So, clearly I suck at updating a blog weekly. I've just been too freakin busy lately!! School started up earlier this month, and I'm already pretty overwhelmed. I'm starting to wonder if it was a terrible idea to attempt baby, school, and full-time work! If it proves too difficult, I might end up taking a semester off to retain my sanity and spend more time with the bebe. I would hate to be an absentee mom those first 4 months. However, I do have an exceedingly helpful and wonderful husband who I'm sure would keep me from losing too many marbles.
I can't believe I'm 4 months already!! And yet, there is so far to go!! We still don't know what tadpole is. :( I have a checkup on Friday, and then it's 4 more weeks until I can put a gender on the poor thing. It's getting harder to find gender-neutral clothing and decorations. I bought a super cute sparkly robot print at Hobby Lobby last week, and I think once we find out the gender we are going to design a decal for one of the walls. Would hate to have a boy astronaut if it's a girl! :D I've started to have a lot more energy than last month, but the physical stuff still sucks. My tension headaches aren't helped by the stress at work or with school, so I've been suffering a bit with those. I've started to really *feel* the pregnancy. It's awkward to bend down or stand up suddenly, and I find my belly getting in my way :p The hunger is so-so, but I'm still pigging out when I want to. Deal with it, people.
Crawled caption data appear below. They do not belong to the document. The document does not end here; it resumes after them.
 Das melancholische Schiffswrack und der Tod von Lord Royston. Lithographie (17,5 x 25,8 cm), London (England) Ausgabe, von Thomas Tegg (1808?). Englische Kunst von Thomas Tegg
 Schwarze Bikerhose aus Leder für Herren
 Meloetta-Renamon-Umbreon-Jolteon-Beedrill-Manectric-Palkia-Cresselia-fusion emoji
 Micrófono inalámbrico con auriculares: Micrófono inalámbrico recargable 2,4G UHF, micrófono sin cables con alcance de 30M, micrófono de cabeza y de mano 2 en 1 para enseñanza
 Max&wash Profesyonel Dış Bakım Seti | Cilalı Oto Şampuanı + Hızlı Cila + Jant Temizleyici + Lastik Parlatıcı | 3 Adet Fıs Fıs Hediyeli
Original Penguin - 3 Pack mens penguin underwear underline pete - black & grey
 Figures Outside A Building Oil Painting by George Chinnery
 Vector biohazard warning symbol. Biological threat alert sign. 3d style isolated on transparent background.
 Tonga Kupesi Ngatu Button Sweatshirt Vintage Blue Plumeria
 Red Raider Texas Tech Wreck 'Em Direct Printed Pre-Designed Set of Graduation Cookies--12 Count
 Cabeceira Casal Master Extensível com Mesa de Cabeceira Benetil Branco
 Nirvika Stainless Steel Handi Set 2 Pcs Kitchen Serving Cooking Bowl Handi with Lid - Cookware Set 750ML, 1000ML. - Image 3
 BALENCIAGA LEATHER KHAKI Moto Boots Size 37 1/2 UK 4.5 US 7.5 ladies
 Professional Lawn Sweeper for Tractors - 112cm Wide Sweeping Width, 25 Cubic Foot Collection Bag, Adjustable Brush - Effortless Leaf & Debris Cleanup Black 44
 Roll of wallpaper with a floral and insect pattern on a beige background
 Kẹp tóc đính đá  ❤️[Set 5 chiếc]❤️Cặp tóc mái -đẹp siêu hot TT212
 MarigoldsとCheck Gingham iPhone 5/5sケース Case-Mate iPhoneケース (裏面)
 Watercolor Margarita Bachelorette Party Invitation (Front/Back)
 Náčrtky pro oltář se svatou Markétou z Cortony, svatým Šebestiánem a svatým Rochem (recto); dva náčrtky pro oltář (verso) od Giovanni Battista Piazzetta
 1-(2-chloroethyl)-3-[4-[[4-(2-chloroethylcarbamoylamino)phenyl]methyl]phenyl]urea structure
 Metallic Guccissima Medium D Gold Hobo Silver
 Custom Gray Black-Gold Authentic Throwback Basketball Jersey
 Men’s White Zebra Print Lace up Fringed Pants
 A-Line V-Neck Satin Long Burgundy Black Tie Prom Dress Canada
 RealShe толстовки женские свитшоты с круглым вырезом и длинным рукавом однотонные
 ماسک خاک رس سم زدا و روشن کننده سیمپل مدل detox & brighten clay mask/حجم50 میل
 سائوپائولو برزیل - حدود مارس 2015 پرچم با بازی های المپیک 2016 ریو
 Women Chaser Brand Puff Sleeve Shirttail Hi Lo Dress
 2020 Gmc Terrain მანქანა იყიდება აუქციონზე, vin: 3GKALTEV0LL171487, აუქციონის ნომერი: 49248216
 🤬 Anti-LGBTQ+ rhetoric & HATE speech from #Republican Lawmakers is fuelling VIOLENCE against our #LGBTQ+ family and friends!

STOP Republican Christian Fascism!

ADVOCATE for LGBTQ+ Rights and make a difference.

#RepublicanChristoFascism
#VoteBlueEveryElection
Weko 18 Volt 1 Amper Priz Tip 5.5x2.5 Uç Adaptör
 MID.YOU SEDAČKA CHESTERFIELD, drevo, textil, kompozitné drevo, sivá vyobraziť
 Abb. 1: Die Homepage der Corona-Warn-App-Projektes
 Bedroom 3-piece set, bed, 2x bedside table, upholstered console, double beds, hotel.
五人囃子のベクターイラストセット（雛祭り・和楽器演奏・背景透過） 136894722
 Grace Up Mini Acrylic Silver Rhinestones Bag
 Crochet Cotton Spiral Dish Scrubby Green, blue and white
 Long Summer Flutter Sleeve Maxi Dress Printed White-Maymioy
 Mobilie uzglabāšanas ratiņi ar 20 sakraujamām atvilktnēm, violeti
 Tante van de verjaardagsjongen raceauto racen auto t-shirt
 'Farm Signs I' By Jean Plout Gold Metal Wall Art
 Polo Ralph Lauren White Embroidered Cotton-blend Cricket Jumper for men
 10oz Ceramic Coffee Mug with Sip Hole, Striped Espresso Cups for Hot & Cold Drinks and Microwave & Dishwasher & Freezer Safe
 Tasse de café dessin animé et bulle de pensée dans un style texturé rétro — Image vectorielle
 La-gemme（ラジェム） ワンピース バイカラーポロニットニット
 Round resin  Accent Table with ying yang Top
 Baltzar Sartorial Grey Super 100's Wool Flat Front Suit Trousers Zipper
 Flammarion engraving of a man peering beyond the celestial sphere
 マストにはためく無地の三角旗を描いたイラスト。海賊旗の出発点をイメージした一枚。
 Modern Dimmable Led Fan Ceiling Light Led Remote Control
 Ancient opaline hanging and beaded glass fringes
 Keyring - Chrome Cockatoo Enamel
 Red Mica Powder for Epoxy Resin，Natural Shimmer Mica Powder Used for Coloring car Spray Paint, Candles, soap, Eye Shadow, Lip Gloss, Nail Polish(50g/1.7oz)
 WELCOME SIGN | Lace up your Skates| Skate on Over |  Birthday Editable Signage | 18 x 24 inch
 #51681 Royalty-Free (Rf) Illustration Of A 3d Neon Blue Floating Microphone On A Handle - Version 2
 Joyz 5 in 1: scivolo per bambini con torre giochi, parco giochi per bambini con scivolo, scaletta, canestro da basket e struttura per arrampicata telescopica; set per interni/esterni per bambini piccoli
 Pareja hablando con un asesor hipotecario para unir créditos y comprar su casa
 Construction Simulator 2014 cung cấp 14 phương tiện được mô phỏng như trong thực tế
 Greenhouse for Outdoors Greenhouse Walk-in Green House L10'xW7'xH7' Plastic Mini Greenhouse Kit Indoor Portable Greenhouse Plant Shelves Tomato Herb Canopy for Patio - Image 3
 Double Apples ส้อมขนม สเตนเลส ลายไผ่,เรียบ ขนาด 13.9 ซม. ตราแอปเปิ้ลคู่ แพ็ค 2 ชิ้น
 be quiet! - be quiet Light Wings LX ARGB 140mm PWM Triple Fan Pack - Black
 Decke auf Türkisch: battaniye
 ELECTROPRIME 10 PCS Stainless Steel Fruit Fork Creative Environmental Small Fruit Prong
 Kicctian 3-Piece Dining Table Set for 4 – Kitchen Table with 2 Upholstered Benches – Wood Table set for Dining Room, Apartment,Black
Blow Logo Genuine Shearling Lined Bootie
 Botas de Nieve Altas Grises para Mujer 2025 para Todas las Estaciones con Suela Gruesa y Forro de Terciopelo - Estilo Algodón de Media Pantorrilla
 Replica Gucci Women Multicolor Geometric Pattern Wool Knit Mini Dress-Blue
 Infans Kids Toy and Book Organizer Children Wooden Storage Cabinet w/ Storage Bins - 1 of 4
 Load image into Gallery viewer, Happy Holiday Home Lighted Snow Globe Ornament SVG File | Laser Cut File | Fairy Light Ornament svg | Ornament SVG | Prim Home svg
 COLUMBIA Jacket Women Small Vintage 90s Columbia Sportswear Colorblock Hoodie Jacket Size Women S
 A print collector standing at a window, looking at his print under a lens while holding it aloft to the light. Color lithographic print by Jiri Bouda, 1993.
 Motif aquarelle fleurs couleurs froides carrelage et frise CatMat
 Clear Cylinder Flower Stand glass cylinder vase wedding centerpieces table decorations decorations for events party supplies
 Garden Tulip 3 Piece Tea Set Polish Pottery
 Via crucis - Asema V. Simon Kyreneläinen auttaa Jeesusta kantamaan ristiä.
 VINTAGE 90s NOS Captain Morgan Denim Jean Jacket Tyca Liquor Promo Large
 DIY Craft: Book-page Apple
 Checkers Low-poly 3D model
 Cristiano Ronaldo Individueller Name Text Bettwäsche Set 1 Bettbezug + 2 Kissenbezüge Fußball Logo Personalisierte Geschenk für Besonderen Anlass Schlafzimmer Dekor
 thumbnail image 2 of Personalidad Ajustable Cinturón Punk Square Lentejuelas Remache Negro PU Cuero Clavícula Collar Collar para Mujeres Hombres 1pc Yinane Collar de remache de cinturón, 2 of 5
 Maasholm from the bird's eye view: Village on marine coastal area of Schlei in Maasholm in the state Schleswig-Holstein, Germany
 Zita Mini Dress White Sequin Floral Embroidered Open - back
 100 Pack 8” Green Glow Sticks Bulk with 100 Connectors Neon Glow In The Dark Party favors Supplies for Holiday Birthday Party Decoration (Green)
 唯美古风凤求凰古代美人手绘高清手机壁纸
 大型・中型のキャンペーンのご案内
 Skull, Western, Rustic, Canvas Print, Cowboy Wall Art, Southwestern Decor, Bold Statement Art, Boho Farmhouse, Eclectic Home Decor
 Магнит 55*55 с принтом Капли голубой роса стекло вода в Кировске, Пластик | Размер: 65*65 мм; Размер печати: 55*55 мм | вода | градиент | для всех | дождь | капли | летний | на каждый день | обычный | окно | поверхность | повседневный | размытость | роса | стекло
I have to say, the hardest part of being pregnant has to be the mental aspects of it. I've had anxiety and depression on and off since I was a teenager, and man, are they ramping up big time with this baby. I worry about everything, I cry over nothing, and I snap easily. It's been a lot harder to deal with little issues, and I can tell my lovely hourly mood swings are back full force. It's been very hard to deal with, and I'm hoping to find some ways to cope so that I can get through the next 6 months :p
That all being said, I WANT THE BABY HERE NOWWW. I want to read it books and play with it and watch it smile at me and I'm even excited for the middle of the night crap. I just want the baby to be done cooking and here for us to love!